Transformation. Rund hundert Jahre lang waren die Tore auf dem Fußballplatz aus Holz. Bis eines Tages eines einstürzte – und die Welt von Klemens Schäper gleich mit. Der führende Torhersteller Deutschlands musste statt Holz auf einmal Aluminium verarbeiten. Die Geschichte eines Tischlers, der plötzlich die Funken fliegen ließ.

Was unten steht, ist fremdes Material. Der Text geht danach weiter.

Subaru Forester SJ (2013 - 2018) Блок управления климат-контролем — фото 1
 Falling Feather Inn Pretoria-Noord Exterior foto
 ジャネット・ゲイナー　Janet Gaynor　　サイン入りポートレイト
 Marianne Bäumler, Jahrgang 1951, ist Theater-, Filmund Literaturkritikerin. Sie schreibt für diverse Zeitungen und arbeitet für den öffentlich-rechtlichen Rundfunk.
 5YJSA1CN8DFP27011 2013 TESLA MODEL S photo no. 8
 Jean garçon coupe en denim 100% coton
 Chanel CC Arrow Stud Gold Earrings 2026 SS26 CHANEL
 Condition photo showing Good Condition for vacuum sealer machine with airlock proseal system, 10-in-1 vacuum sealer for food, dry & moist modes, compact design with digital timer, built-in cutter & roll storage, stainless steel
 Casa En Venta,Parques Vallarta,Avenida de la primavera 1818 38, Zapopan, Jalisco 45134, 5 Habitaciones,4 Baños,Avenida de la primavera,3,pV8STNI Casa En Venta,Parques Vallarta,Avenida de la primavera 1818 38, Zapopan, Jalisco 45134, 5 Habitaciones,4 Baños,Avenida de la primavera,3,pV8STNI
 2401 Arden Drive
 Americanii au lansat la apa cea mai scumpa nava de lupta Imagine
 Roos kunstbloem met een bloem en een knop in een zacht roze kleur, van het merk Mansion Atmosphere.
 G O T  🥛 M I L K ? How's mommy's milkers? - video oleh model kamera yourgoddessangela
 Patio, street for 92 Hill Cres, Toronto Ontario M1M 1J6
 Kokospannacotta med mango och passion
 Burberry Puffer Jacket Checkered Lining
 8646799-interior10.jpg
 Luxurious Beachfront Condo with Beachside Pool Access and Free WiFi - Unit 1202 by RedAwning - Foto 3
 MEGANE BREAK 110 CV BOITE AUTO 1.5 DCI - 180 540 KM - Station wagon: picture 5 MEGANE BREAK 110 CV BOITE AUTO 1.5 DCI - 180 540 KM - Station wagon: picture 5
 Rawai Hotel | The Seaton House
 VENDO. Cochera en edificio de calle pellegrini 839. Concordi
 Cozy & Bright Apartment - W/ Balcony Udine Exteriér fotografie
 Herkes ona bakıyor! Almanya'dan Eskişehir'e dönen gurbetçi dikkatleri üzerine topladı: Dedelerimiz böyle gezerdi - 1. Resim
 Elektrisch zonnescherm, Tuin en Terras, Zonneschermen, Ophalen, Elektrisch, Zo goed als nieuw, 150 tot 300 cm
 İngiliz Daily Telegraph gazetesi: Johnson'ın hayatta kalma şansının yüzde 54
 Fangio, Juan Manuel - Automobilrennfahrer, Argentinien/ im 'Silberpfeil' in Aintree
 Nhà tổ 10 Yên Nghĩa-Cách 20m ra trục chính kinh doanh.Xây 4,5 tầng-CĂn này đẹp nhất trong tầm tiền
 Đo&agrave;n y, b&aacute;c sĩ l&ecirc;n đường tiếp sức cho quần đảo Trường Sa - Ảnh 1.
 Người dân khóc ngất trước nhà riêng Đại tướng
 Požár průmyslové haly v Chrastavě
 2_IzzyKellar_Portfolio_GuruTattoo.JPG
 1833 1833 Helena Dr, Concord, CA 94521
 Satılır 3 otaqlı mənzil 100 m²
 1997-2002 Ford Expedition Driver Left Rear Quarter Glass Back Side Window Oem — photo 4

Kaum ein Tor hat die Bundesliga so verändert wie jenes, das am 3. April 1971 in der 87. Minute auf dem Gladbacher Bökelberg fiel. Die Borussen aus Gladbach spielen gegen Werder Bremen, es steht eins zu eins, und Netzer und Co. machen ungeheuer Druck. Le Fevre, den Ball eng am Fuß, kommt über links, dribbelt zwei Bremer Abwehrspieler aus, im Fünf-Meter-Raum lauert Gladbachs Mittelstürmer Herbert Laumen. Die Flanke kommt, Laumen nimmt Anlauf, springt hoch und rammt ungebremst Bremens Tormann Günter Bernard. Beide stürzen ins Netz, und ein Holzpfosten des Tores bricht auf Höhe der Grasnabe wie ein Streichholz entzwei. Knapp 20 Minuten versuchen Spieler, Funktionäre und sogar einige Fans vergeblich, das Tor wieder aufzustellen. Schließlich wird die Partie abgebrochen. Das vermutlich berühmteste Tor der Bundesliga war gefallen, aber das Ergebnis war kein Sieg der Borussen über Werder Bremen, sondern die Einsicht, dass Holztore für den professionellen Spielbetrieb der Bundesliga nicht stabil genug sind.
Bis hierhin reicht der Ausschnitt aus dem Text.